大阪大学名誉教授・関西学院 産業医
杉田 義郎
「コミュニケーションをスムーズにとれるようになると大学生活でのストレスが一気に減るのに」と思っている学生諸君は少なくないでしょう。とくに新入生の諸君にとってはまず周りの人とうまく「雑談ができない」と思って、あるいは思い込んで悩んでいることも少なくないでしょう。
ユーモアあふれるコミュニケーションの中核に「笑いの原理」があります。「なぜ人は笑うのか?」という根本的な疑問に対して、これまで多くの哲学者や心理学者が考えて、多くの理論を発表してきました。今では「緊張の緩和」であるということが共通認識となっています。最近の研究では人間だけでなく、猿や犬・ネコでも表情筋に特有の活動が生じることが分かってきています。
そのことを最も分かりやすく言葉で説明したのが、落語家の二代目桂枝雀師匠で、「緊緩(キンカン)の法則」と名付けました。それ以降、落語家はもとより、漫才師などお笑い芸人と呼ばれる人たちはそのルールを巧みに使って人々に笑いを誘っているのです。

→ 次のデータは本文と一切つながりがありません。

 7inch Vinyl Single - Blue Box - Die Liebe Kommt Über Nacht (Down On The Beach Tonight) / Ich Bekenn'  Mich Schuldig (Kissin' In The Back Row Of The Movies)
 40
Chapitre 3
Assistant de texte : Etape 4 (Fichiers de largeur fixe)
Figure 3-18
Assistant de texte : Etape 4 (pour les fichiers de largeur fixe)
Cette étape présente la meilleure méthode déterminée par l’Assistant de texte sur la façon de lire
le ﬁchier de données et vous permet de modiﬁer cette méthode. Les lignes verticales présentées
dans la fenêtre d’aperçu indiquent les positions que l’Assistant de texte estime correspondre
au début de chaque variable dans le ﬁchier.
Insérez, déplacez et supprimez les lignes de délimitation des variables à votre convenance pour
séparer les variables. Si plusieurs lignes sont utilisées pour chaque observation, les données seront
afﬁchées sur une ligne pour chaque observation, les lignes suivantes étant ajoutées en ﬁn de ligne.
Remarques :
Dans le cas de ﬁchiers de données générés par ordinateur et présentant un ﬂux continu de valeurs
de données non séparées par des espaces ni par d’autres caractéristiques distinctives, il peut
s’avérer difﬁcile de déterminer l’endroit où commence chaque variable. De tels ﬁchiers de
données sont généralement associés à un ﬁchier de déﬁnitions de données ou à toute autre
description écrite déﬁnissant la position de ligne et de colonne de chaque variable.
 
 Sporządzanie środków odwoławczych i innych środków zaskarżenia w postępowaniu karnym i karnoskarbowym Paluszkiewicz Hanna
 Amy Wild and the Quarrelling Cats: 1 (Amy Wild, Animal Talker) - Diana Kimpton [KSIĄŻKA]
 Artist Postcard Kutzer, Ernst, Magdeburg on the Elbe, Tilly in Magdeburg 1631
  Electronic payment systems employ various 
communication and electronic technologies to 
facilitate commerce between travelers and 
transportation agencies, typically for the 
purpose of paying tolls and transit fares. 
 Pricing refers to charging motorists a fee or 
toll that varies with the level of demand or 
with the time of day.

私たちがコミュニケーションがとりづらいと思っている状況では、間違いなくピーンと強く張り詰めた緊張感、警戒感が漂っています。どういうふうに本題を切り出したらよいのか分からないことがあります。そんな時に少し雑談でもできると、そのうちに緊張が徐々に緩んで本題に入りやすくなるということがあります。
その時の是非参考にしたいことがあります。前回にも紹介した石田章洋氏の本の中に公式の一つとして紹介しています、「おもしろい『雑談』は落語のマクラに学べ!」です。「言葉で説明するのは簡単ですが、実践しようとすると非常に難しいのが雑談」と述べているように、コミュニケーションに自信のない人の多くは雑談も苦手と思っているようです。そのような人に落語を聴くことを勧めています。とくに落語家が演じる噺(はなし)の冒頭に話す「マクラ」という導入部分から「雑談力」を向上させるヒントが得られるというのです。

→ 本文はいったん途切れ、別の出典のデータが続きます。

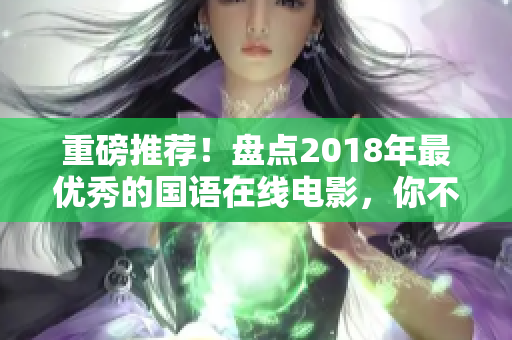 重磅推荐！盘点2018年最优秀的国语在线电影，你不容错过！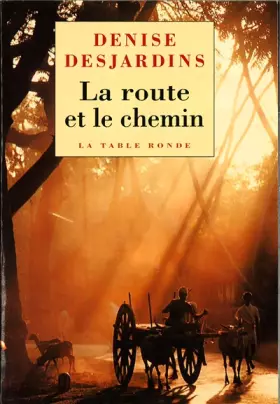 Couverture du produit · La route et le chemin: Carnets de voyage et d'ascèse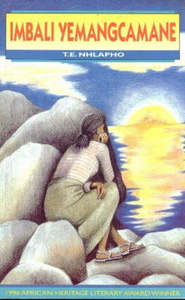 Imbali Yemangcamane (Novel) (Siswati) (African Heritage Winner 1996)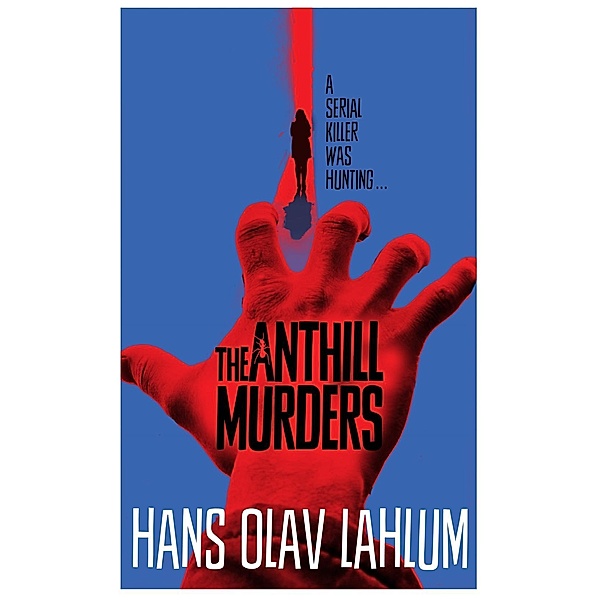 The Anthill Murders, Hans Olav Lahlum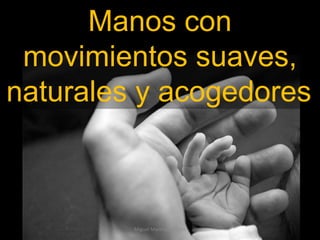 Miguel Manríquez Ortíz Manos con movimientos suaves, naturales y acogedores   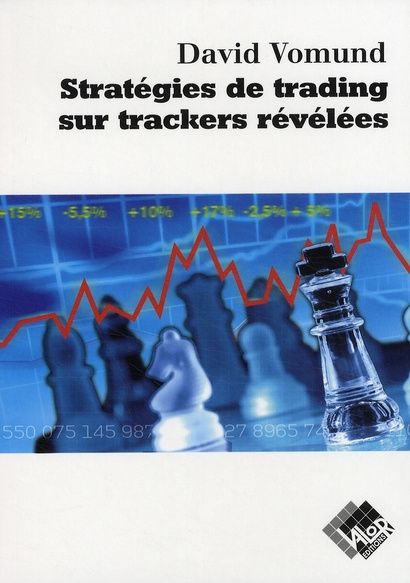 Emprunter STRATEGIES DE TRADING SUR TRACKERS REVELEES livre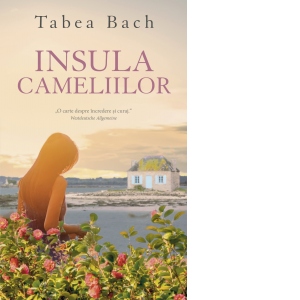 Carte Insula cameliilor Autor Tabea Bach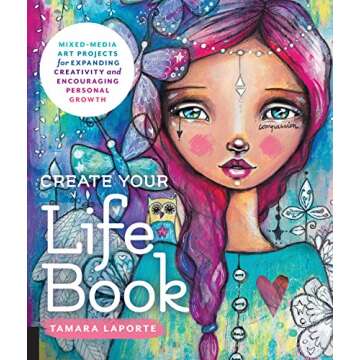 Create Your Life Book: Mixed-Media Art Projects for Expanding Creativity and Encouraging Personal Gr...
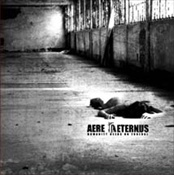 AERE AETERNUS - Humanity Needs No Funeral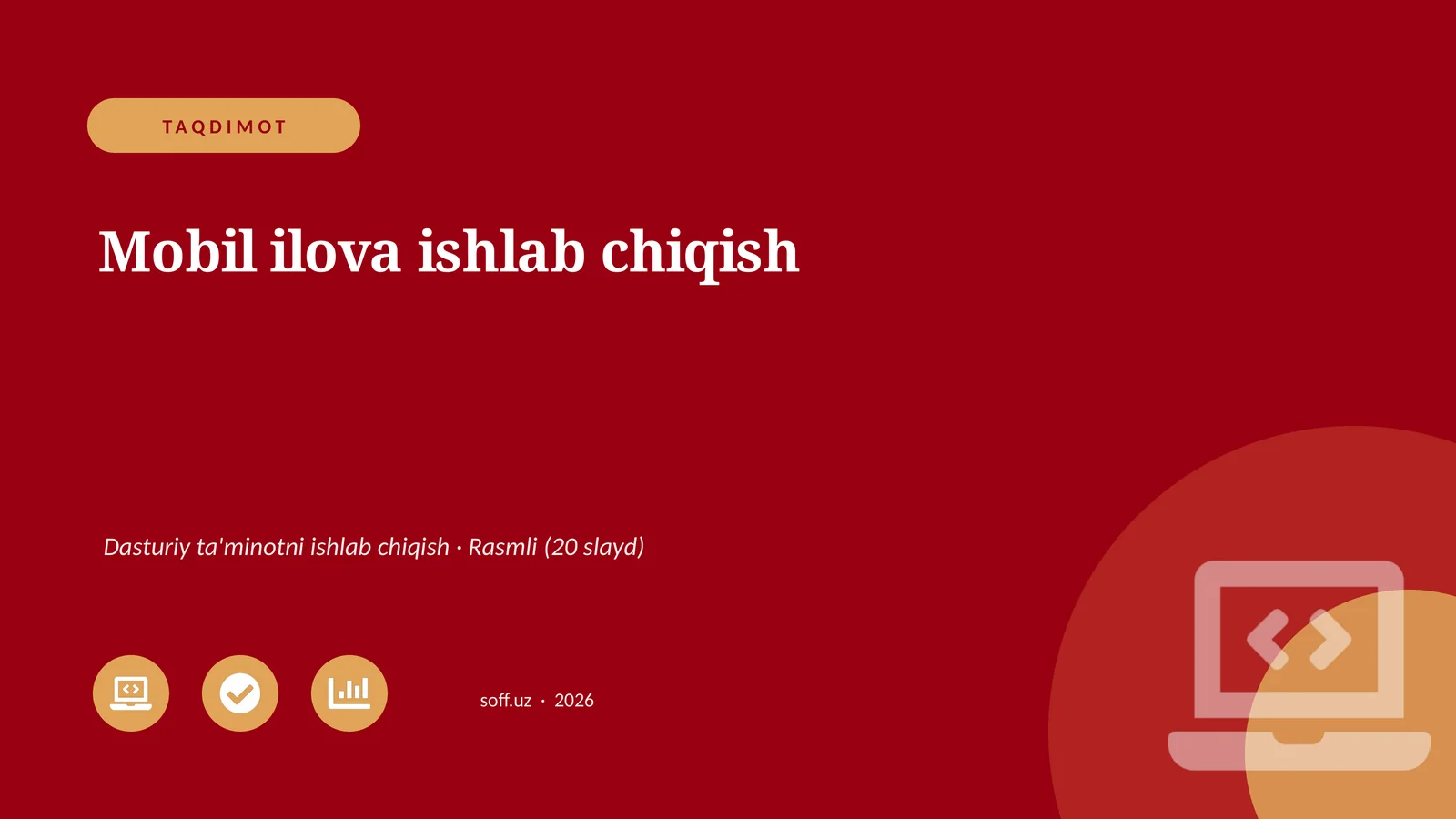Mobil ilova ishlab chiqish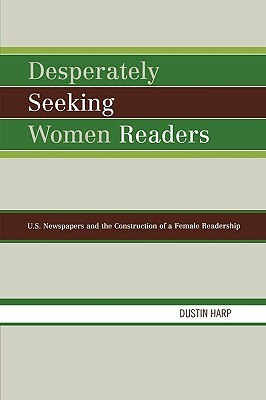 Desperately Seeking Women Readers: U.S. Newspapers and the Construction of a Female Readership by Dustin Harp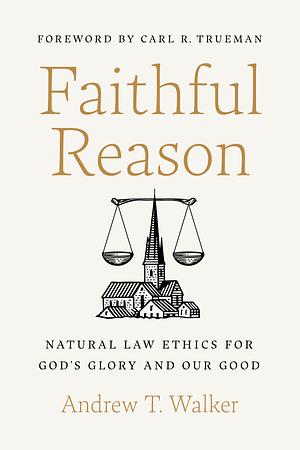 Faithful Reason: Natural Law Ethics for God's Glory and Our Good by Andrew T. Walker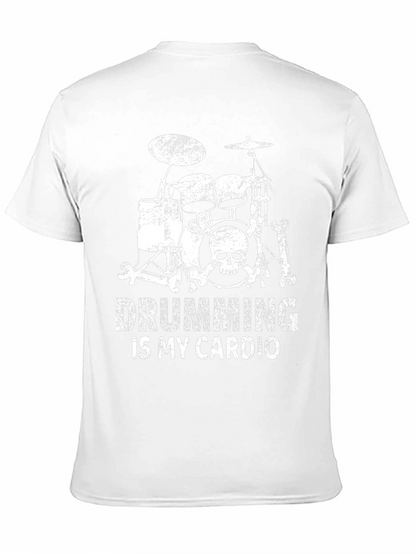 Drumming is My Cardio T-Shirt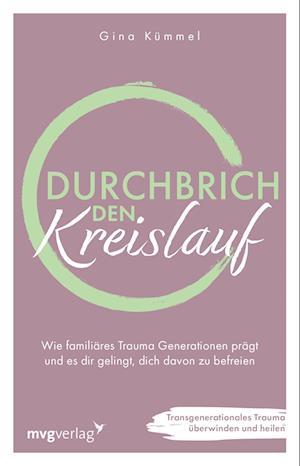 Cover for Gina Kümmel · Durchbrich den Kreislauf (Book) (2025)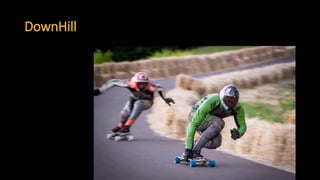 DownHill
 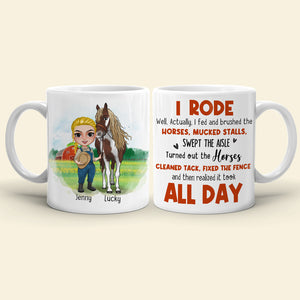 I Rode Well Actually I Fed And Brushed The Horses Mucked Stalls Swept The Aisle, You And Horses White Mug - Coffee Mug - GoDuckee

落語家も高座に登場していきなり落語のネタを始めることはあまりないのです。例えば「めっきり冷えてきましたね」といった季節の話題などを振ってから、「いや私の懐の話なんですが」と笑いを誘ったりして、観客を惹きつけ、自然に演目へと入っていくのです。「季節」「天気」「ニュースや芸能ネタなどのタイムリーな話題」「最近、凝っている趣味」「家族の話題」「今日寄席に来るまでに見聞きしたこと」など、落語家がマクラで最初に話す話題は、そのまま私たちの雑談でも使えるものなのです。これらに共通することは、その場の聴衆と「共有・共感できる」話題であることです。私たちの雑談でも、その場の相手と「共有・共感できる話題」を選ぶことが肝心です。
本題へ移行する上でも大事なことは、相手の知識や興味・関心のレベルが分かることです。相手の知識レベルを知るために、率直に「○○について聞いたことがありますか?」と質問することです。そのことで相手の知らない話を一方的にして相手を不快にしてしまうことを回避できます。プロの落語家はよく最初に聴衆にある質問を投げかけて、その反応を見て噺を聴衆に合わせてアレンジするようです。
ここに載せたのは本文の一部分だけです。